A MAESTRO OR JUST TALENTED: Which Writer Will You Become?


I have a talent for music.  I can hear a tune once and remember it, even play it on the piano.  I can learn a song quickly and even sing along with a song I’ve never heard before (with sound, not words).

This simply makes me talented.  It does not; however, make me a music maestro.  Learning how to actually play chords, use both hands to play full melodies, read and write music and piano techniques, would.

This is the same with writing.  So many people have writing talent; however, not many have the know-how to become a Best-Selling Author.  Why is that, I wonder?  Simply, it’s because most people in our society lack the patience to study the craft.  Most are more impressed with being able to say that they published a book, than actually learning the craft itself.

I think of amazing writers like Aurelis Award Winning novelist Marianne de Pierres, 2003 The National Book Foundation Medal for Distinguished Contribution to American Letters winner Stephen King and Hugo and Nebula Award winner Orson Scott Card.  Each of them learned the craft of writing and wrote many stories and books before ever being truly considered greats in their chosen fields.  They have all given back so that other writers can learn the same lessons they have (with fewer headaches and heartburn).

Each of them have written for a long while, but if you notice, most of what they teach is about…writing. Orson Scott Card actually offers free writing lessons on his website.  Of the 34 listed, only about four or five deal slightly with publishing.

Stephen King’s book, “On Writing”, barely talks about the publishing process. He talks about writing. He even issues a writing lesson which you can send to him and receive feedback.  Marianne de Pierres is the Co-Founder of ROR wRiters On the Rise; which aside from being a really great website to find fantastic Science Fiction authors, is a critiquing group for professional writers in Australia. They critique the writing of the authors, not their choice of publishing. Critiquing helps these writers to better their craft.

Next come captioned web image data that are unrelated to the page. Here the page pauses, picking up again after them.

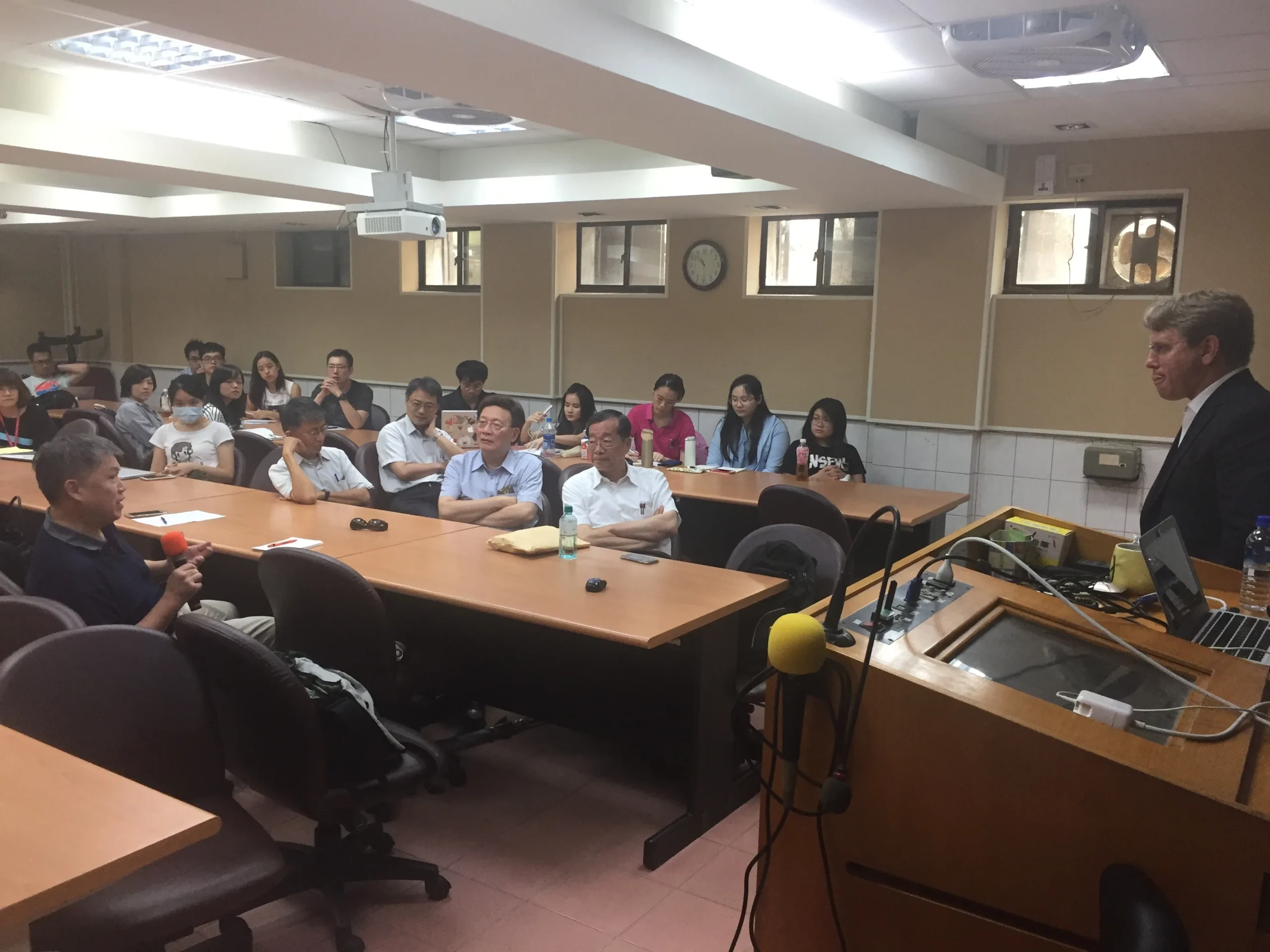  Prof. Brian Knutson at NTU on 20180706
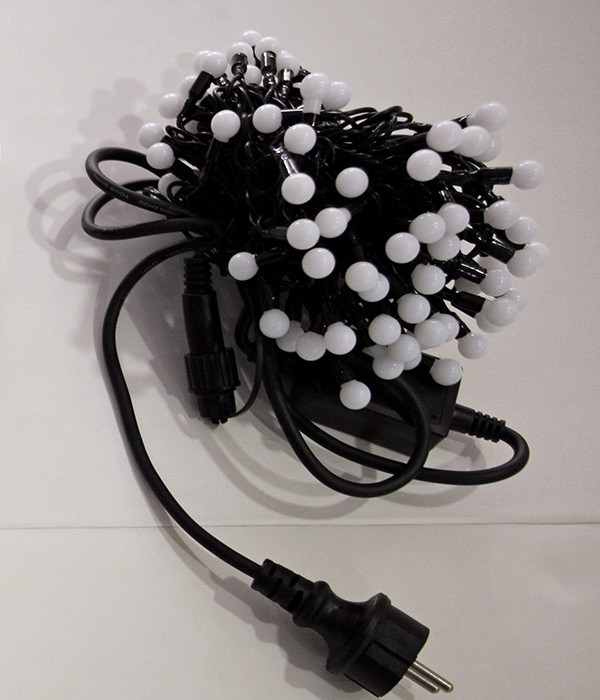 Качественная картинка Гирлянда светодиодная Laitcom "Шарики-40мм" 5м, 20 LED, IP65, 220-230V, черн.пр. красно-белые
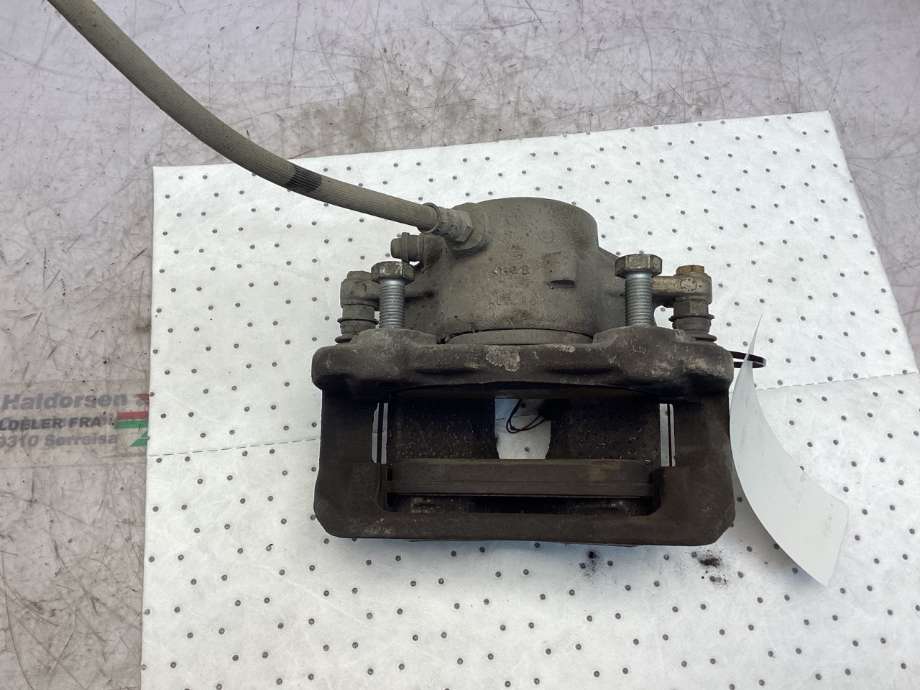 Bremsecaliper høyre foran til Mercedes E-Klasse 2009-2013 (Fase 1) (W212) (W212) (MERCEDES|A 204 421 24 81|)
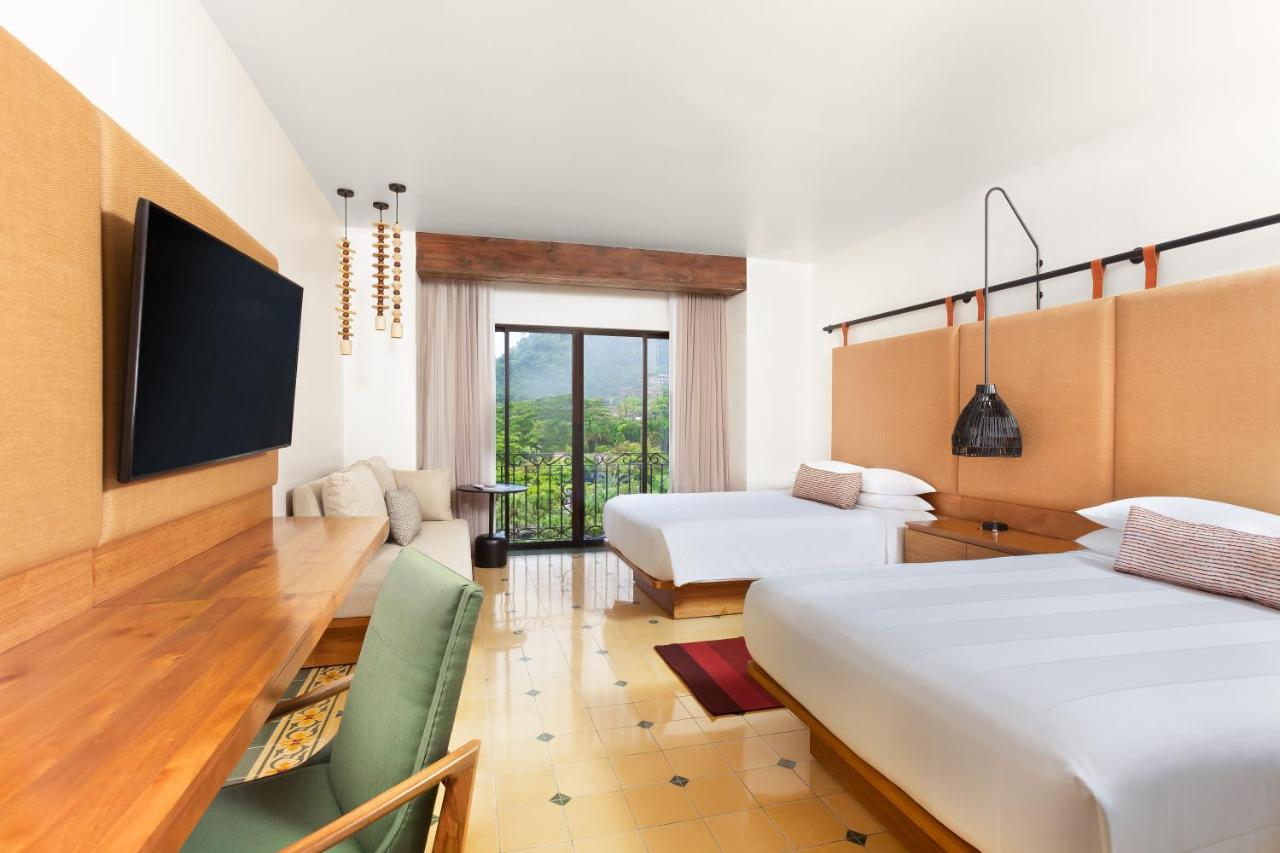 Los Sueños Marriott Ocean & Golf Resort photo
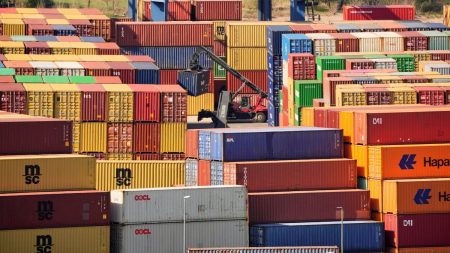 Θα «σώσει» ο Τραμπ τις ελληνικές εξαγωγές; – Οι κινήσεις για τις εξαιρέσεις από τους δασμούς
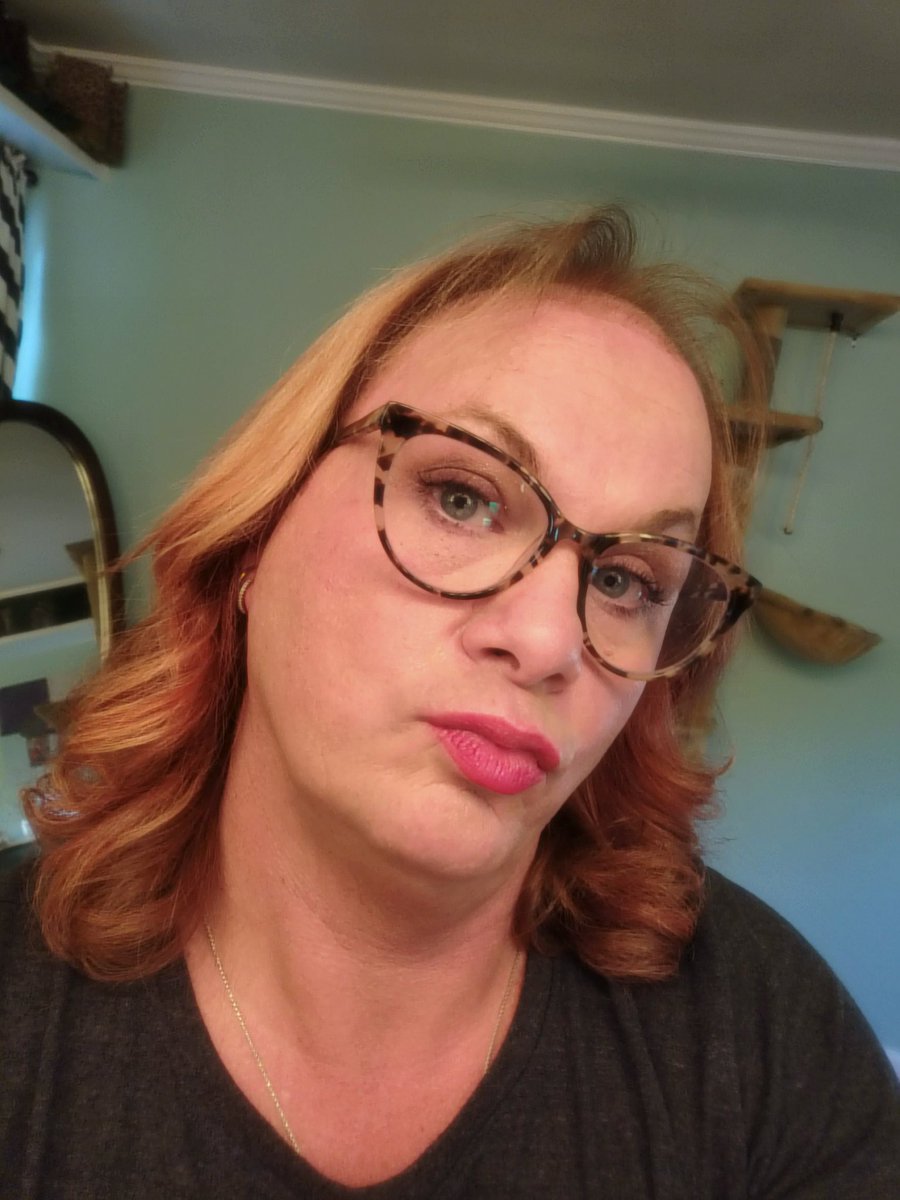 Timbernic's tweet photo. Got my hair done today adding a touch more blonde in with the red and copper. Then ran out to #Biminis oyster bar to get some crab and shrimp broil. https://t.co/1nJxrq6YVa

What’s my point, you may ask?  Simple.  We must learn the exquisite craft of writing if we are ever to take ourselves seriously as writers.  We have to stop rushing to the finish line and take the time to learn the nuances and technical sides of writing.  We must learn how to write.

My challenge to you today is to look at your own writing and think about your weaknesses.  Could you stand to learn more about conflict, or scene structure?  How multi-dimensional are your characters? How’s your grammar, punctuation and sentence structure?  Do you know the difference between their, they’re and there and when to use which?

It does not make you a lesser writer to admit and therefore fix your weaknesses.  It will, in the long run, make you a stronger writer who will be able to one day, hopefully, see your name listed as one of the greatest writers.